• [WORK REQUIRED]: A word-for-word transcription of the whole listing is required.

• [INFORMATION SUPPLIED]:
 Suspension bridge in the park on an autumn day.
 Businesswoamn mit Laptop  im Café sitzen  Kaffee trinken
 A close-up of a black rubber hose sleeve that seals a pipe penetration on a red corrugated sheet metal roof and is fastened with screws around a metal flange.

• [EXERCISE RESPONSE]:
 Suspension bridge in the park on an autumn day.
 Businesswoamn mit Laptop  im Café sitzen  Kaffee trinken
 A close-up of a black rubber hose sleeve that seals a pipe penetration on a red corrugated sheet metal roof and is fastened with screws around a metal flange.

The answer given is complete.